1. It appears by the testimony of both parties that plaintiff defaulted in the payment of the interest on his note which matured May 28, 1915, and that while he was so in default defendant elected to declare the entire debt due. The evidence is in hopeless conflict on the question of whether plaintiff subsequently paid the overdue interest. For the purpose of this opinion it is unnecessary to review the evidence beyond the statement that there was evidence of an admission by defendant that he had received this installment of interest. Plaintiff was therefore entitled to go to the jury on this issue.
2. The court instructed the jury as follows:
“I therefore instruct you, gentlemen, if the interest on this note was not paid when due, that that gave to the defendant, William Jones, in this case, the option to foreclose this mortgage; and if he exercised that option and did foreclose it, the foreclosure was not premature, if the interest was not paid at the time. This is an issue in this case which you must determine from all of the evidence that has been introduced, whether or not the interest on this note was due at the time of the foreclosure of the mortgage. If so, the foreclosure was not premature. If the interest was not due; if the interest had been paid by the plaintiff, then the foreclosure would be premature.”
It will be noted that the jury was instructed as a matter of law that if plaintiff had paid this installment *709of interest prior to the foreclosure, the foreclosure was premature. This we believe to be error.
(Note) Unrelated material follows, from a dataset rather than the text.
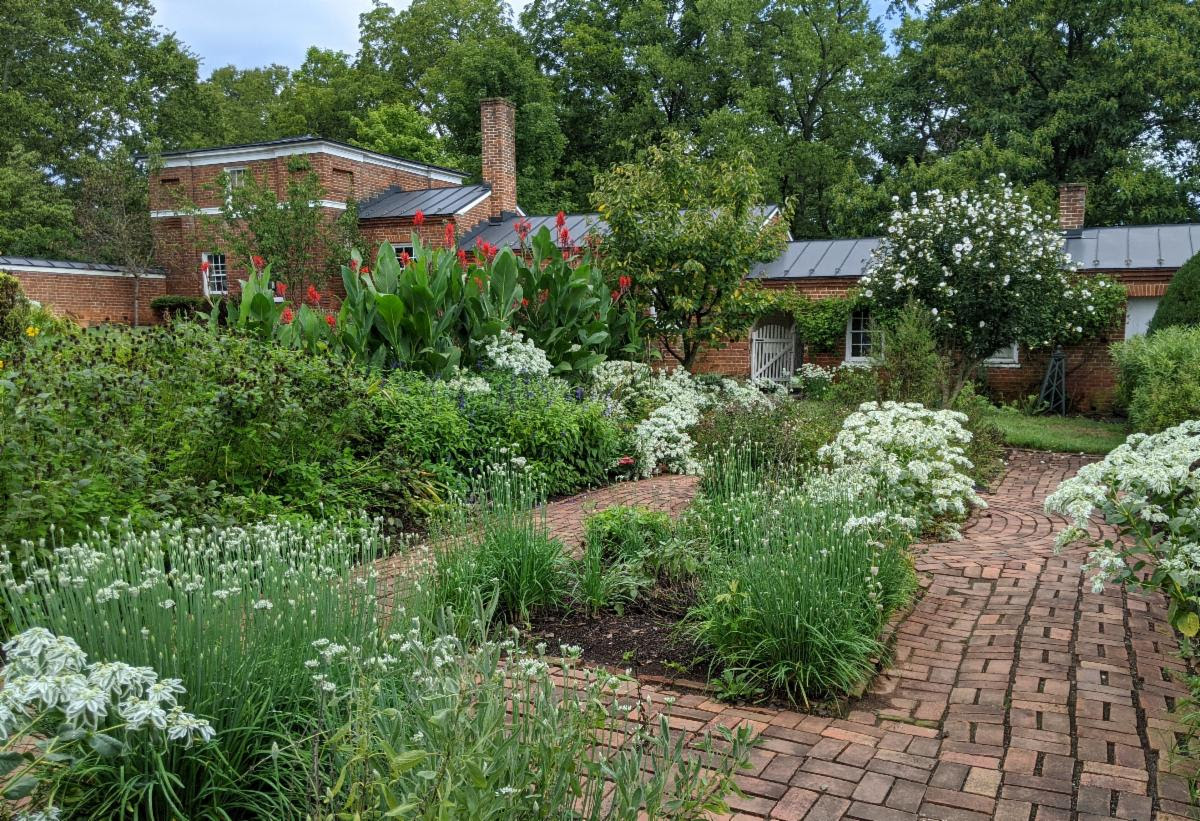 Photo of the herb garden in front of the historic brick dependency buildings at Oatlands.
3-5. It was competent for the parties to provide by their contract that a default in the payment of interest should mature the entire debt at the election of defendant. It appears that there was such default and that while the default continued defendant elected to declare the entire debt. due. Plaintiff testifies to these facts. The subsequent payment of the overdue interest liquidated a part only of that which was presently payable by plaintiff to defendant. The acceptance of such payment was in no wise inconsistent with the election which the defendant had made and it therefore did not waive defendant’s right to treat the debt as matured: Van Vlissingen v. Lenz, 171 Ill. 162 (48 N. E. 422); Swearingen v. Lahner, 93 Iowa, 147 (61 N. W. 431, 433, 57 Am. St. Rep. 261, 26 L. R. A. 765); Caldwell v. Kimbrough, 91 Miss. 877 (45 South. 7, 10); 9 Ency. Pl. & Pr. 237; 2 Jones on Mortgages (6 ed.), § 1182. It was of course competent for defendant to waive his election to treat the debt as due and if such waiver had been pleaded by plaintiff in his reply, plaintiff’s evidence entitled him to go to the jury on this issue. The vice in the instruction above quoted lies in the fact that the jury was advised as a matter of law that if the interest had been paid prior to the foreclosure, defendant had no right to foreclose.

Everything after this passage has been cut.